Ethan Frome is a novel by the Pulitzer Prize-winning American author Edith Wharton. Ethan Frome is set in a fictional New England town named Starkfield, where an unnamed narrator tells the story of his encounter with Ethan Frome, a man with dreams and desires that end in an ironic turn of events. The narrator tells the story based on an account from observations at Frome's house when he had to stay there during a winter storm.
The novel is framed by the literary device of an extended flashback. The first chapter opens with an unnamed male narrator spending a winter in Starkfield. He sets out to learn about the life of a mysterious local figure named Ethan Frome, a man who had been injured in a horrific “smash-up” twenty-four years before. Frome is described as “the most striking figure in Starkfield”, “the ruin of a man” with a “careless powerful look...in spite of a lameness checking each step like the jerk of a chain”.

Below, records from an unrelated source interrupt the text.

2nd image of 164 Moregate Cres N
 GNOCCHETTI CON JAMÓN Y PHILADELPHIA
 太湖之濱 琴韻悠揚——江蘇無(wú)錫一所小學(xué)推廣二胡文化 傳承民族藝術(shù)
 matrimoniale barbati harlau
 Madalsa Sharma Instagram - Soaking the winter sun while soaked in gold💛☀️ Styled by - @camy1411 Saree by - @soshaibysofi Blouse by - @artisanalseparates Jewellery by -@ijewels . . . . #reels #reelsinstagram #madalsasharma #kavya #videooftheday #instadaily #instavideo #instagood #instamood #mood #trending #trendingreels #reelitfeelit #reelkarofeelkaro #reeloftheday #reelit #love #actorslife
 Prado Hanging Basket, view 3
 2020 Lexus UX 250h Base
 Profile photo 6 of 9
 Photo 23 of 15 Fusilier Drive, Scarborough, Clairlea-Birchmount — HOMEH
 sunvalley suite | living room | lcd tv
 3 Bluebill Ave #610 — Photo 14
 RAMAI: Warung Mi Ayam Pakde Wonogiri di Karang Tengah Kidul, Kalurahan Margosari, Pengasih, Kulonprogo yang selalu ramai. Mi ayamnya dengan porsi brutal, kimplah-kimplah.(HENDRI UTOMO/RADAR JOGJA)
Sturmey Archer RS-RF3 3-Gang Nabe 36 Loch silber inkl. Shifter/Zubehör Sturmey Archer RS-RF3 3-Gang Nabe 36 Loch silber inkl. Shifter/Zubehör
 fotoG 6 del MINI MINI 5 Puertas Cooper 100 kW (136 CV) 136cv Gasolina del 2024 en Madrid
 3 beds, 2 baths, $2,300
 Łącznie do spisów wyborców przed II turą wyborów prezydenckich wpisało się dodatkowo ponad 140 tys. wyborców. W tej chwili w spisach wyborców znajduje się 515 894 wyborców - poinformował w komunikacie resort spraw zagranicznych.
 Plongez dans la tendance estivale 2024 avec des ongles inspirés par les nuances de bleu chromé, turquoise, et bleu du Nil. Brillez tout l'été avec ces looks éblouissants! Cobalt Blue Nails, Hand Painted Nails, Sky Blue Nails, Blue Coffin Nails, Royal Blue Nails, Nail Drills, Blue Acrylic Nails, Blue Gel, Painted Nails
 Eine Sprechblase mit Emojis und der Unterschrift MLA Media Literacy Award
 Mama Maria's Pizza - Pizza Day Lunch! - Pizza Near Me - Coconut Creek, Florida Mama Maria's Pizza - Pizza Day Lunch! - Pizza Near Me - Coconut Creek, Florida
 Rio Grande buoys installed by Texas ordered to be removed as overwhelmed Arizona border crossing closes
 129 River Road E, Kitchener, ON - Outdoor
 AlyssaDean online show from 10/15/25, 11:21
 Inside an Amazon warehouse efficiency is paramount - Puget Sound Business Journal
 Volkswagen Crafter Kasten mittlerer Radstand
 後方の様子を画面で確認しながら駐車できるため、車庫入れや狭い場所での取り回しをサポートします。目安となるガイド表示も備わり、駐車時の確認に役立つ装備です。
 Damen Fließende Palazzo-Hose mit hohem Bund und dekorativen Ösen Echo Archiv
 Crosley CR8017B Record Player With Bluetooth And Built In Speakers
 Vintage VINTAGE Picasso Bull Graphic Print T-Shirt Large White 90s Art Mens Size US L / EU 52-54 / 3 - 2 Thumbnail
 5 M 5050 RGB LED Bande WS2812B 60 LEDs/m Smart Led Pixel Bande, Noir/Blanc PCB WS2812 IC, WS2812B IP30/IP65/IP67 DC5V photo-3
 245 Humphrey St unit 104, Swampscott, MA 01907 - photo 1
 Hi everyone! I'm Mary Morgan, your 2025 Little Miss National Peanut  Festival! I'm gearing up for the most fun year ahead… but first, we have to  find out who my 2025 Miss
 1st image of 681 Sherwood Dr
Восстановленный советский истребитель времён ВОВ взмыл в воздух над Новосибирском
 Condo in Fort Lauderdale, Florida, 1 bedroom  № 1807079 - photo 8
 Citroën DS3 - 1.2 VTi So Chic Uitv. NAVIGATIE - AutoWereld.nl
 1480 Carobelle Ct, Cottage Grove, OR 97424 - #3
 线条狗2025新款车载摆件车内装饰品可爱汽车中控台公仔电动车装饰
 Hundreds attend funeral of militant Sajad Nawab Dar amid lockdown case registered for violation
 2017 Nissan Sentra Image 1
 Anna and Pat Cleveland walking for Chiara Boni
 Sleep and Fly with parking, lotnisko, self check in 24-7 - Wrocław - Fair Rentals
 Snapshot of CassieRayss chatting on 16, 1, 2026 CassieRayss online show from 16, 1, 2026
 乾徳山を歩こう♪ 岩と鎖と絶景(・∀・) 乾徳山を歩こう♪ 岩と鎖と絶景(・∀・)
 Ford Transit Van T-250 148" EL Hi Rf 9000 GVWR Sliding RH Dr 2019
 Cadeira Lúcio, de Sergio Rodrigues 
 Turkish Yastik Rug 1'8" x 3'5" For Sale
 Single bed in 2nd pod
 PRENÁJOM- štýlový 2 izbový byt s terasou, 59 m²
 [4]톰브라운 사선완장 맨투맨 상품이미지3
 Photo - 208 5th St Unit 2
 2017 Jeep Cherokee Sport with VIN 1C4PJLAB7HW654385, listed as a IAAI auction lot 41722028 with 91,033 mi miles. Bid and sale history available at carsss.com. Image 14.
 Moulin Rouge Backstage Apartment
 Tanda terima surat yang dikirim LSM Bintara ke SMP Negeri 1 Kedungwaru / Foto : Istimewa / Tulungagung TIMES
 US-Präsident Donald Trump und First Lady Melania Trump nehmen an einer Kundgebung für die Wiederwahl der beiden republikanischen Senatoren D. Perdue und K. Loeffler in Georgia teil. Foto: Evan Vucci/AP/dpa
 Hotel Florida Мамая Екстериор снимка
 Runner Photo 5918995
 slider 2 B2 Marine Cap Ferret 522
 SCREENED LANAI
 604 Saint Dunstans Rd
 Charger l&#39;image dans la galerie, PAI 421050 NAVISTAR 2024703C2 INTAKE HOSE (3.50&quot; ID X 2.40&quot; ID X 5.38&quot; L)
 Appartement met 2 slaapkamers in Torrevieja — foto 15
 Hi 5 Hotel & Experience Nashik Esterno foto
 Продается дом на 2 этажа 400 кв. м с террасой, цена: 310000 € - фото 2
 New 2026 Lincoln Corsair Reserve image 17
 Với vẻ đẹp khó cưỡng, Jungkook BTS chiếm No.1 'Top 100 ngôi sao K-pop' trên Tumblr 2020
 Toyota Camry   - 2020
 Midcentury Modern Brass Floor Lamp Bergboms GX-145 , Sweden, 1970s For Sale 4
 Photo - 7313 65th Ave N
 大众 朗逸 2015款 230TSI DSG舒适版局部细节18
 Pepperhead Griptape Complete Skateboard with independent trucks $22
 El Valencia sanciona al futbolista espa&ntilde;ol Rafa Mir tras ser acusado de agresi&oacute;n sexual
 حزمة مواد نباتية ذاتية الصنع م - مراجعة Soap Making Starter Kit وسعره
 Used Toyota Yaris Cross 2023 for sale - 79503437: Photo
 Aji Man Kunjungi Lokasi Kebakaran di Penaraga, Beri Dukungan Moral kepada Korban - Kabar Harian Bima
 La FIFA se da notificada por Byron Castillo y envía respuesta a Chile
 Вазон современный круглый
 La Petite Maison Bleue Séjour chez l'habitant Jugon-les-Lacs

The narrator fails to get many details from the townspeople. However, the narrator hires Frome as his driver for a week. A severe snowstorm forces Frome to take the narrator to his home one night for shelter. Just as the two are entering Frome's house, the first chapter ends. The second chapter flashes back twenty-four years; the narration switches from the first-person narrator of the first chapter to a limited third-person narrator. Ethan is waiting outside a church dance for Mattie, his wife’s cousin, who lives with Ethan and his wife Zeena (Zenobia) to help around the house since Zeena is sickly. Mattie is given the occasional night off to entertain herself in town as partial recompense for taking care of the Frome family without pay, and Ethan has fallen into the habit of walking her home. It is made clear that Ethan has deep feelings for Mattie, and it is equally clear that Zeena suspects these feelings and does not approve.